* [Records for this task]:
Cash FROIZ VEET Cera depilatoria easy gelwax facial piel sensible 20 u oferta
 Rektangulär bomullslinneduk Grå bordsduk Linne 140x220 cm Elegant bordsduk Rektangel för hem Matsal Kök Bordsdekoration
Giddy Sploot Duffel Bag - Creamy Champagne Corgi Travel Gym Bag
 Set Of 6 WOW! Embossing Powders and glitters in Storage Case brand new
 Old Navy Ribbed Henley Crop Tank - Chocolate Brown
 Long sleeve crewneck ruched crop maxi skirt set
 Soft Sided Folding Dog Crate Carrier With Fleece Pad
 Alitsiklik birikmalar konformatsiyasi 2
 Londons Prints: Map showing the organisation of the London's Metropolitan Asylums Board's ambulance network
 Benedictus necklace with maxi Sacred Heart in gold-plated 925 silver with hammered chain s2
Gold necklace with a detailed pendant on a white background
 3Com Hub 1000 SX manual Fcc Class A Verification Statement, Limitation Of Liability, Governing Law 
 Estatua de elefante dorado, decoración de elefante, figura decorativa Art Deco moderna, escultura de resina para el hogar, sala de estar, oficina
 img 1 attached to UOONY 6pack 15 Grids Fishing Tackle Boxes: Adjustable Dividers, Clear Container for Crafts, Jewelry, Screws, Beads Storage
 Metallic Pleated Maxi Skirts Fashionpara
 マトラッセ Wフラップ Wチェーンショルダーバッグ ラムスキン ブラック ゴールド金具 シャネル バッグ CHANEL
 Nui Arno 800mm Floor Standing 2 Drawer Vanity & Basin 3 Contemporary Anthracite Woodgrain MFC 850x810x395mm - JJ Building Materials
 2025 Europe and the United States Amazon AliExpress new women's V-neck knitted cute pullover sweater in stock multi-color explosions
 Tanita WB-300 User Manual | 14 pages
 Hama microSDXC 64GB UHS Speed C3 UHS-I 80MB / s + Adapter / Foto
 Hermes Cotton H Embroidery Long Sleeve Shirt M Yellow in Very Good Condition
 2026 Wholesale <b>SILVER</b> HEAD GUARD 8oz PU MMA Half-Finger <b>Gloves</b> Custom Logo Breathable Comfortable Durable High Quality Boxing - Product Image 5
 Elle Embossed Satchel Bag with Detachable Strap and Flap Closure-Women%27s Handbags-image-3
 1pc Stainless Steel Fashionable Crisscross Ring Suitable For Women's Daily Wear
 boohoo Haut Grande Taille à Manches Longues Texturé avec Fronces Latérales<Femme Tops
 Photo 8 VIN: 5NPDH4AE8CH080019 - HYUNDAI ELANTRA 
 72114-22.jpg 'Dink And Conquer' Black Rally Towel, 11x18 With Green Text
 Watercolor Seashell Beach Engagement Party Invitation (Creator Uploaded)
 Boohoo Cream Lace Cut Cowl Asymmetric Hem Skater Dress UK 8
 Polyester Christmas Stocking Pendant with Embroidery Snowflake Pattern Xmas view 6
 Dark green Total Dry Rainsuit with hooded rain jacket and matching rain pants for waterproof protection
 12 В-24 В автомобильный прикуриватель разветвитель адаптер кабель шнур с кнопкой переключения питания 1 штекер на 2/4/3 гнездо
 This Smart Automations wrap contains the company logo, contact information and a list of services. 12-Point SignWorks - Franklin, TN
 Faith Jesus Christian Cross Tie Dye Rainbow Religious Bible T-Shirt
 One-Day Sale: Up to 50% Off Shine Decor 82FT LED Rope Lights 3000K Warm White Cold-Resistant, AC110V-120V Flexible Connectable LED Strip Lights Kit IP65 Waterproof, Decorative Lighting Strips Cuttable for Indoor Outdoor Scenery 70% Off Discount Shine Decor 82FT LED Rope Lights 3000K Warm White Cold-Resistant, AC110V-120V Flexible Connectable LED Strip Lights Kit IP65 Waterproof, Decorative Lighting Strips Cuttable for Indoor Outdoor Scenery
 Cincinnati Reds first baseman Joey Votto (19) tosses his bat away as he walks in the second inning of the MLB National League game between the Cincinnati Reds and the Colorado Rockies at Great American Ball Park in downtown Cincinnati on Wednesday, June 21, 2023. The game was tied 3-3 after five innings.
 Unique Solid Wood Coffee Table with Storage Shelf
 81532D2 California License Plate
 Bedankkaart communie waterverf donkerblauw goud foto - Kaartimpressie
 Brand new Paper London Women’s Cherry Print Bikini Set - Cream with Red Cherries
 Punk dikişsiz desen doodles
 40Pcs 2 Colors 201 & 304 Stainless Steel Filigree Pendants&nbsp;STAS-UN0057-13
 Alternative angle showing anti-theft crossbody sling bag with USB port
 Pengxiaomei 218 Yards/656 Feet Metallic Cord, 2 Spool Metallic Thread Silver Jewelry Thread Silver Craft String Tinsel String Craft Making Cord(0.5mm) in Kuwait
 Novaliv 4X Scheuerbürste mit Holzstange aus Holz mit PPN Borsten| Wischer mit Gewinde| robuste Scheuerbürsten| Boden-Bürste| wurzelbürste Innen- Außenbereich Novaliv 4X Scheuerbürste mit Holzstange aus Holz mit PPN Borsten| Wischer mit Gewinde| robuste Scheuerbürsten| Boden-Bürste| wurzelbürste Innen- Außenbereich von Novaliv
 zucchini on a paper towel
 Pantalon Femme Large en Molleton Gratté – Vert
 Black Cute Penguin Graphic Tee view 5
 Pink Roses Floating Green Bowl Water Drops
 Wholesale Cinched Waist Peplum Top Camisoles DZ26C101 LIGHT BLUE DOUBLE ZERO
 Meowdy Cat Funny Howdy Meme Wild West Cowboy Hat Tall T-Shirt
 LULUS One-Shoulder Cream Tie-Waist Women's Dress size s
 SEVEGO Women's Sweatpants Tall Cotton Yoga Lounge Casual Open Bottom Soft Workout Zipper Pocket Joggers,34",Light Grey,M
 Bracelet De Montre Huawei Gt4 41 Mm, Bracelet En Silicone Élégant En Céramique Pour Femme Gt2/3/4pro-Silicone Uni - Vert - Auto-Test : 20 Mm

* [Assignment]: Each line from the top of the records down to the one with "Hermes Cotton H" must be retyped exactly; include both ends and nothing else.

* [Answer to this task]:
Cash FROIZ VEET Cera depilatoria easy gelwax facial piel sensible 20 u oferta
 Rektangulär bomullslinneduk Grå bordsduk Linne 140x220 cm Elegant bordsduk Rektangel för hem Matsal Kök Bordsdekoration
Giddy Sploot Duffel Bag - Creamy Champagne Corgi Travel Gym Bag
 Set Of 6 WOW! Embossing Powders and glitters in Storage Case brand new
 Old Navy Ribbed Henley Crop Tank - Chocolate Brown
 Long sleeve crewneck ruched crop maxi skirt set
 Soft Sided Folding Dog Crate Carrier With Fleece Pad
 Alitsiklik birikmalar konformatsiyasi 2
 Londons Prints: Map showing the organisation of the London's Metropolitan Asylums Board's ambulance network
 Benedictus necklace with maxi Sacred Heart in gold-plated 925 silver with hammered chain s2
Gold necklace with a detailed pendant on a white background
 3Com Hub 1000 SX manual Fcc Class A Verification Statement, Limitation Of Liability, Governing Law 
 Estatua de elefante dorado, decoración de elefante, figura decorativa Art Deco moderna, escultura de resina para el hogar, sala de estar, oficina
 img 1 attached to UOONY 6pack 15 Grids Fishing Tackle Boxes: Adjustable Dividers, Clear Container for Crafts, Jewelry, Screws, Beads Storage
 Metallic Pleated Maxi Skirts Fashionpara
 マトラッセ Wフラップ Wチェーンショルダーバッグ ラムスキン ブラック ゴールド金具 シャネル バッグ CHANEL
 Nui Arno 800mm Floor Standing 2 Drawer Vanity & Basin 3 Contemporary Anthracite Woodgrain MFC 850x810x395mm - JJ Building Materials
 2025 Europe and the United States Amazon AliExpress new women's V-neck knitted cute pullover sweater in stock multi-color explosions
 Tanita WB-300 User Manual | 14 pages
 Hama microSDXC 64GB UHS Speed C3 UHS-I 80MB / s + Adapter / Foto
 Hermes Cotton H Embroidery Long Sleeve Shirt M Yellow in Very Good Condition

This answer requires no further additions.